I can see no advantage to be gained by tobacco; and you will find that it administers to your comfort, and that is the only advantage that it has. This in itself is a very damaging kind of an advantage, as, without advancing your object, it endangers your freedom, as all comforts do.
By all means cultivate this and in every form possible, but even here have an eye to moderation. Do not develop your heart and lungs to such an extent that, when you have taken up a more sedentary life later, they will suffer a reaction. Almost all the great athletes suffer a few years’ discomfort while adjusting themselves to a less athletic existence than was theirs in college. Therefore, be moderate and specialize in this, so that in after life you may do what you are best fitted for, and in the attainment of athletic success make a test case of your proficiency of attainment. Do not fear to be prodigal of energy concentrated on the right thing.

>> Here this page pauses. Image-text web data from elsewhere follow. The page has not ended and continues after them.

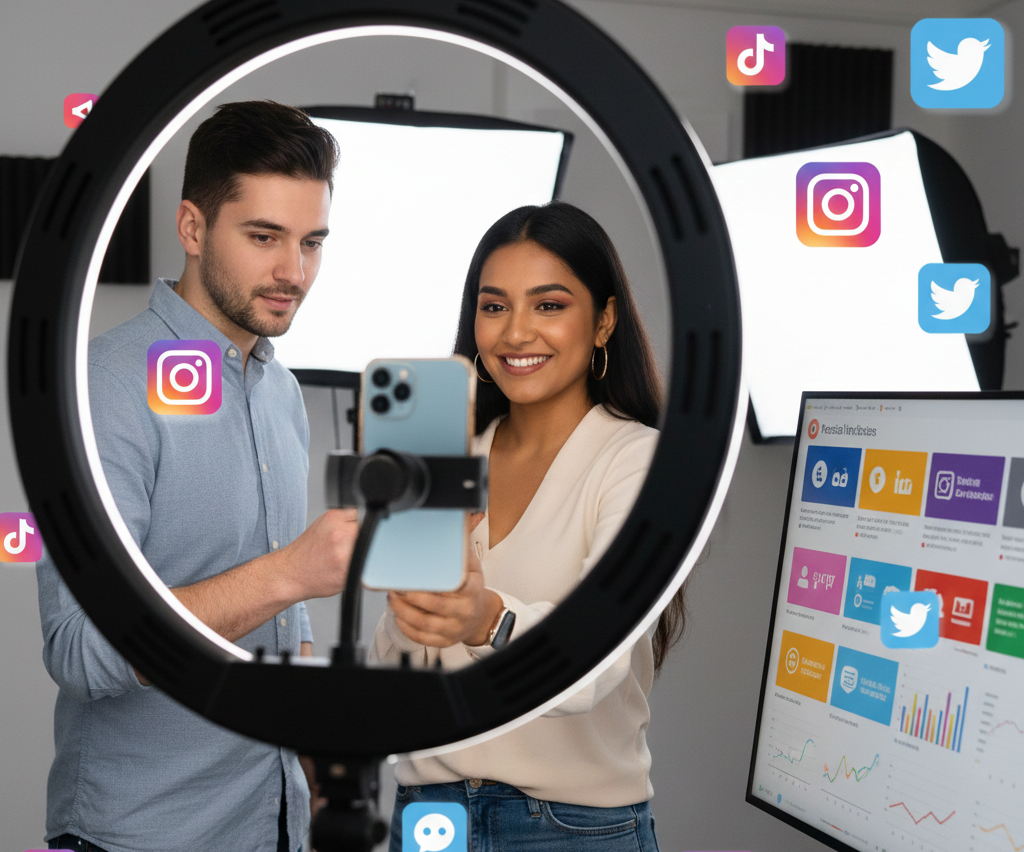 social media influencer recording a video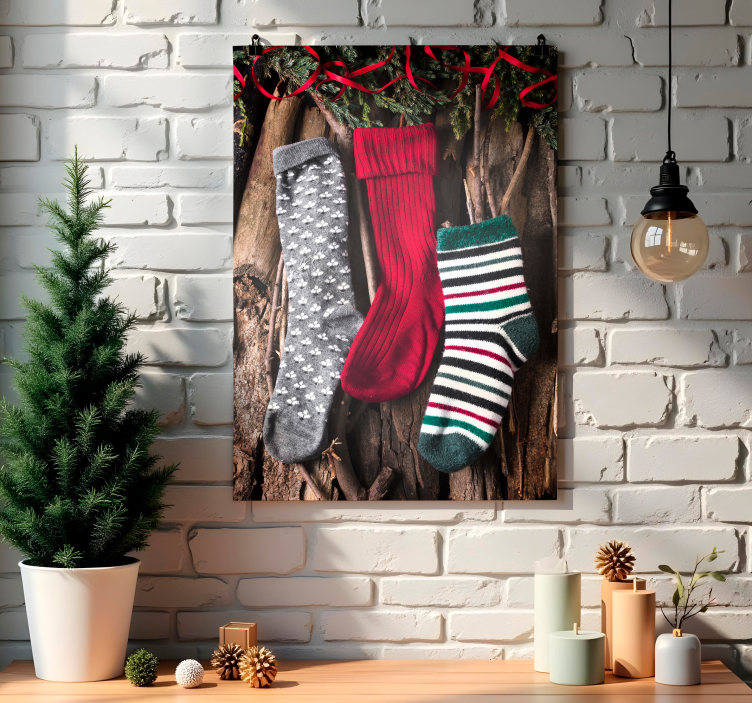 Poster navidad calcetines - TenVinilo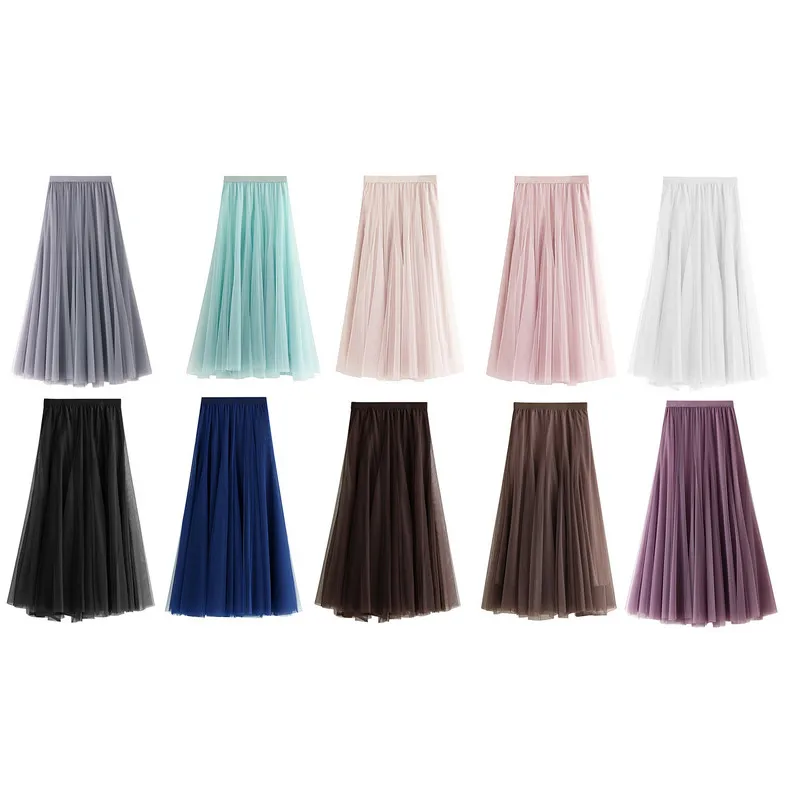 Women Mesh Skirts Summer Clothes Chic and Elegant Solid Multilayer Pleated High Waist Lace Long Tulle Skirts for Wedding Party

In fixing up your room, your house, or personal surroundings, have good, comfortable furniture for rest and for work, but not for show. Be simple, even to the extent of being severe. The fewer things you have, the better off you are. Shun all other possessions as the devil would holy water. Have nothing that is not for a definite purpose and that you do not actually use. The criterion to be applied to these is not what you can find use for, but what you cannot get along without. A traveller who knows his business can travel on very slender baggage, and be perfectly comfortable and clean. Consider yourself a traveller through this world, and study to cut down your baggage. Thus you will avoid dissipation, and keep your freedom.
Yes. Do not be afraid to cultivate the artistic. It is a card thrown to the discard, but one which you cannot regret. Do not have too many. A jumble of pictures is not what you want, but a few good ones. Only beware lest a craze for expensive pictures overtake you, which would interfere with your more definite object. If, however, your career lies in the line of the artistic, the purchase and collection of fine pictures come well within the golden things passed by our touchstone. Many men get a craze after the futile,—a hobby it is usually called; and they will dissipate great amounts of energy in collecting such things as postage-stamps, post-marks, or some other object of little use, and at great expense of time and money.

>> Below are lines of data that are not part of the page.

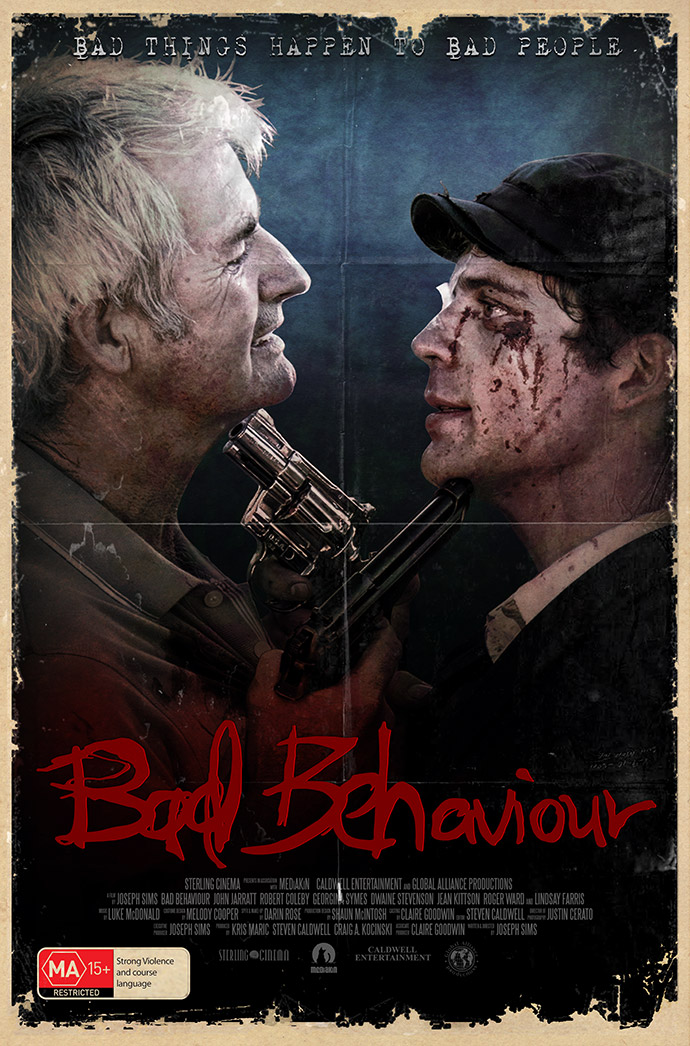 John Jarratt is Ricky Bartlett Versus Lindsay Farris as Peterson in Joseph Sim's Bad Behaviour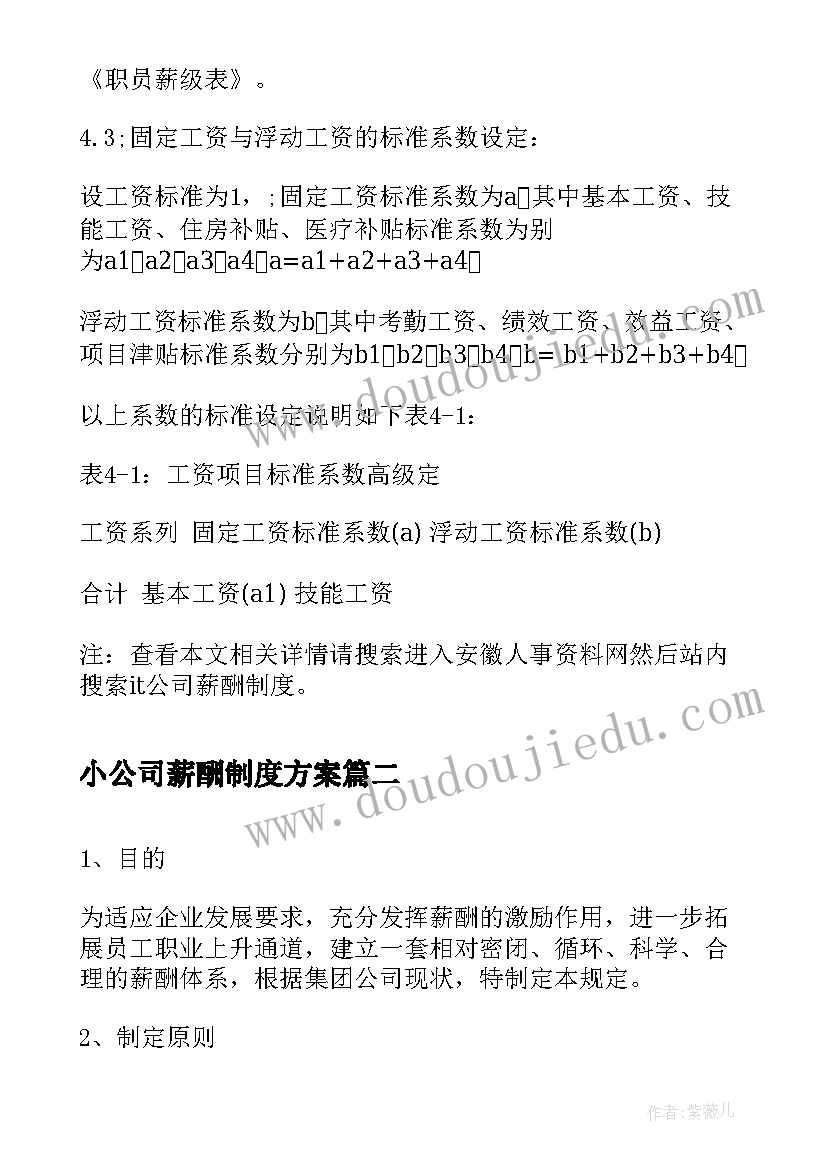 小公司薪酬制度方案 it公司薪酬制度(优质9篇)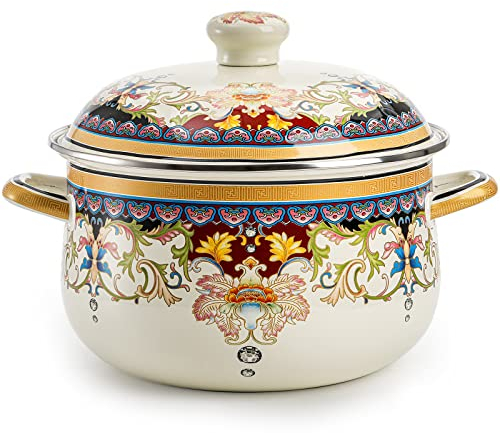 ZENFUN Pentola smaltata da cucina con coperchio, 4,5 litri in stile retrò, per stufato a fiori, in stile vintage, con manici, antiaderente, sicuro per fornelli a induzione, stufa a gas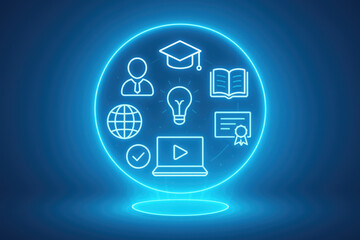 Glowing blue neon circle with digital learning icons on a dark background education knowledge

If you allow such things to distract your attention from your object, you may lose it entirely, just as you lose sight of something in the hands of a conjurer who has succeeded in directing your attention to something of momentary interest. In this connection it is well to say that the habit of spending must be avoided. Let a large expenditure be a circumstance. You can afford, however, to spend money on charities even to the point of dissipation. It is a cultivation of the heart. It might prove a career; and so, before your object is chosen, you approach it, as a possibility, afterward, as a card for the discard, in either case creditable.